### Task material ###

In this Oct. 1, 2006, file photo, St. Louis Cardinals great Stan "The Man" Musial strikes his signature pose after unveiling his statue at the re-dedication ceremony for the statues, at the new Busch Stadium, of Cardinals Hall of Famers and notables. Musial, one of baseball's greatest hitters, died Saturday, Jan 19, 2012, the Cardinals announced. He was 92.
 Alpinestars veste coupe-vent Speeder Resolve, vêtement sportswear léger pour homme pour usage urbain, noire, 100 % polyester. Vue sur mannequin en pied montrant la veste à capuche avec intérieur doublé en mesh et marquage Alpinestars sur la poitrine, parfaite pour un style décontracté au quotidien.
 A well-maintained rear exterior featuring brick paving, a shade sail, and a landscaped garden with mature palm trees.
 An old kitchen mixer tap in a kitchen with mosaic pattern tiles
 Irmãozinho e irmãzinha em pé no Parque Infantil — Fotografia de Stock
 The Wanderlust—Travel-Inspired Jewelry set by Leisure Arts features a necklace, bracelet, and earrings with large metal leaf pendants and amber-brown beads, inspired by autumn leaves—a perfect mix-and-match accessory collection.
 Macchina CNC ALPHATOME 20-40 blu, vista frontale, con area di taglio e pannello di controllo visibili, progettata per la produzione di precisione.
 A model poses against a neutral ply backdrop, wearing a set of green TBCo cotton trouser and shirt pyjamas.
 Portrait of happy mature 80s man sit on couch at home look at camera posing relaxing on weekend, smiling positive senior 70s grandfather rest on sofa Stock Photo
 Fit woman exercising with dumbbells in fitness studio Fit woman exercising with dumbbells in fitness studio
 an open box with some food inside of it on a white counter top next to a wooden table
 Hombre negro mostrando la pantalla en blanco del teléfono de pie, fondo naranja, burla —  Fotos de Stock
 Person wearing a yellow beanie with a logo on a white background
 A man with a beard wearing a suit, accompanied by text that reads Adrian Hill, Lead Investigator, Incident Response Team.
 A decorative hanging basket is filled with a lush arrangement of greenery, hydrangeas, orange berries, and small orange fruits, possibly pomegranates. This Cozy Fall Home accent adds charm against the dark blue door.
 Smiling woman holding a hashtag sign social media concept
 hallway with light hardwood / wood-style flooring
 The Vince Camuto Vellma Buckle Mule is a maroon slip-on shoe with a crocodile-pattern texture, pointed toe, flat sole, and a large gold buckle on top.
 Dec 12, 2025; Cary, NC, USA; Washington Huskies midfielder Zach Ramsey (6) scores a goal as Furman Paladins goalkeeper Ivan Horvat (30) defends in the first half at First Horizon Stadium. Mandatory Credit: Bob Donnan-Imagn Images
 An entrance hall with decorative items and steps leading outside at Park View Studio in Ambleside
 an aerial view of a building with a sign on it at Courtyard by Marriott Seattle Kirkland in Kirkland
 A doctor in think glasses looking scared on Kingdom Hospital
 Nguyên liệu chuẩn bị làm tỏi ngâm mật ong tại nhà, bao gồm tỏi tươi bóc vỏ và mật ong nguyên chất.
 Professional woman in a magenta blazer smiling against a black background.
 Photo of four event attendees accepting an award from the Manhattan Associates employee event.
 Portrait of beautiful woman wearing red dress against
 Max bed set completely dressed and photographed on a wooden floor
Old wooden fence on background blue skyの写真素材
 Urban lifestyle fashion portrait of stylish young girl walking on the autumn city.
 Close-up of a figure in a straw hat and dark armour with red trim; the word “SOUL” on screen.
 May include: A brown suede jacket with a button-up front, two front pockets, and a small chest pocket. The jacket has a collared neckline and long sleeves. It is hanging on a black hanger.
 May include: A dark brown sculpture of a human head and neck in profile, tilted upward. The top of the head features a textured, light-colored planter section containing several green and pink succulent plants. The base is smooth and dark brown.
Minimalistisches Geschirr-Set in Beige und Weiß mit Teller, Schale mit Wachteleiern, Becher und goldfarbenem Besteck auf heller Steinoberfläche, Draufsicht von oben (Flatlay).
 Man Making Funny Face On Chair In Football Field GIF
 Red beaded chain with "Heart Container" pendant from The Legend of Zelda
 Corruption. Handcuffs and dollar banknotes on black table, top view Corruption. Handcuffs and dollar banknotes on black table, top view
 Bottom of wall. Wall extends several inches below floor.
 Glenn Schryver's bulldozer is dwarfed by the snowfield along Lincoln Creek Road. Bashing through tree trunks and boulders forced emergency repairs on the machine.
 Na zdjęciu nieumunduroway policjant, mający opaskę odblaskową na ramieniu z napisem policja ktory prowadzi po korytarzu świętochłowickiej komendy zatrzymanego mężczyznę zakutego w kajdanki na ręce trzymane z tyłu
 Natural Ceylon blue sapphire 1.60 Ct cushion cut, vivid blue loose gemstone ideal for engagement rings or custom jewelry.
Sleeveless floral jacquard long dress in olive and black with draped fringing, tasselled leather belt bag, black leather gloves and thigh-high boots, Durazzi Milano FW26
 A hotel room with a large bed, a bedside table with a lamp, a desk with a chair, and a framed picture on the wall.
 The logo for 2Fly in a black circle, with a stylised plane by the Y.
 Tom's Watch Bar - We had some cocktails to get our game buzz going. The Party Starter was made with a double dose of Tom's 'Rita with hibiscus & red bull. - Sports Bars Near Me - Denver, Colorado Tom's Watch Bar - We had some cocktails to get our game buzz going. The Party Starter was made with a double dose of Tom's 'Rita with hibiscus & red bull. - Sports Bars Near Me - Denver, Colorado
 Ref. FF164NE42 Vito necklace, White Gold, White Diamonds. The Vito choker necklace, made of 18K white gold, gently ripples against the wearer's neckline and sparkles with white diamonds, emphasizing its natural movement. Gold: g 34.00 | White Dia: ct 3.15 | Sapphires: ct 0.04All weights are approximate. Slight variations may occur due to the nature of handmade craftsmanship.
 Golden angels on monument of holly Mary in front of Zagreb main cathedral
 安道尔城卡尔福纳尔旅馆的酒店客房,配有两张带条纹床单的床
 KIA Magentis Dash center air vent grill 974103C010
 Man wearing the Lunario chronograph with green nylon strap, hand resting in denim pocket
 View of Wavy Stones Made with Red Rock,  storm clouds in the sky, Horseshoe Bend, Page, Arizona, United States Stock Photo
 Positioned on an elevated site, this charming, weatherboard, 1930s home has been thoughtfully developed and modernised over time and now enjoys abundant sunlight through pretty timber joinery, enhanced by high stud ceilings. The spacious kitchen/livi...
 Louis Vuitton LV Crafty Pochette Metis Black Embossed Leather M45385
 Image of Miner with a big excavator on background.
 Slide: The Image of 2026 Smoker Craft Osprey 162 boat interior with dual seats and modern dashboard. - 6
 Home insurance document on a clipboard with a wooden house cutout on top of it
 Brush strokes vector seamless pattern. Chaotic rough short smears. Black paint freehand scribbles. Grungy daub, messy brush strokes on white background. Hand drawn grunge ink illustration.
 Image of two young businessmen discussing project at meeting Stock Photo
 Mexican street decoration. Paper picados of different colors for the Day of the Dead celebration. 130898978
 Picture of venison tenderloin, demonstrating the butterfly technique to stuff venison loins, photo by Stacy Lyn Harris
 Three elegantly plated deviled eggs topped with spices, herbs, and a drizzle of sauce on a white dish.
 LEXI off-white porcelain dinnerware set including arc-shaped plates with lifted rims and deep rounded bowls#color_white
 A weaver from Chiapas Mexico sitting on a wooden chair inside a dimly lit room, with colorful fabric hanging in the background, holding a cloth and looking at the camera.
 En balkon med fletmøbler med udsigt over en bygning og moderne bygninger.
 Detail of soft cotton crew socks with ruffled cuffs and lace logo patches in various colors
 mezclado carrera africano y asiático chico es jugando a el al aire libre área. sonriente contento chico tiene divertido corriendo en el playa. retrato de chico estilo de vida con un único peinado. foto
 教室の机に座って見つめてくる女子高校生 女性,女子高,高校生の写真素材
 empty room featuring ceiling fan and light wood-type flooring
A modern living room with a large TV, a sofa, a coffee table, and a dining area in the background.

###

* **Directions**: Using the data above, restate word for word the lines from its opening line through the line that contains "A decorative hanging", and no more.

* **Written answer**:
In this Oct. 1, 2006, file photo, St. Louis Cardinals great Stan "The Man" Musial strikes his signature pose after unveiling his statue at the re-dedication ceremony for the statues, at the new Busch Stadium, of Cardinals Hall of Famers and notables. Musial, one of baseball's greatest hitters, died Saturday, Jan 19, 2012, the Cardinals announced. He was 92.
 Alpinestars veste coupe-vent Speeder Resolve, vêtement sportswear léger pour homme pour usage urbain, noire, 100 % polyester. Vue sur mannequin en pied montrant la veste à capuche avec intérieur doublé en mesh et marquage Alpinestars sur la poitrine, parfaite pour un style décontracté au quotidien.
 A well-maintained rear exterior featuring brick paving, a shade sail, and a landscaped garden with mature palm trees.
 An old kitchen mixer tap in a kitchen with mosaic pattern tiles
 Irmãozinho e irmãzinha em pé no Parque Infantil — Fotografia de Stock
 The Wanderlust—Travel-Inspired Jewelry set by Leisure Arts features a necklace, bracelet, and earrings with large metal leaf pendants and amber-brown beads, inspired by autumn leaves—a perfect mix-and-match accessory collection.
 Macchina CNC ALPHATOME 20-40 blu, vista frontale, con area di taglio e pannello di controllo visibili, progettata per la produzione di precisione.
 A model poses against a neutral ply backdrop, wearing a set of green TBCo cotton trouser and shirt pyjamas.
 Portrait of happy mature 80s man sit on couch at home look at camera posing relaxing on weekend, smiling positive senior 70s grandfather rest on sofa Stock Photo
 Fit woman exercising with dumbbells in fitness studio Fit woman exercising with dumbbells in fitness studio
 an open box with some food inside of it on a white counter top next to a wooden table
 Hombre negro mostrando la pantalla en blanco del teléfono de pie, fondo naranja, burla —  Fotos de Stock
 Person wearing a yellow beanie with a logo on a white background
 A man with a beard wearing a suit, accompanied by text that reads Adrian Hill, Lead Investigator, Incident Response Team.
 A decorative hanging basket is filled with a lush arrangement of greenery, hydrangeas, orange berries, and small orange fruits, possibly pomegranates. This Cozy Fall Home accent adds charm against the dark blue door.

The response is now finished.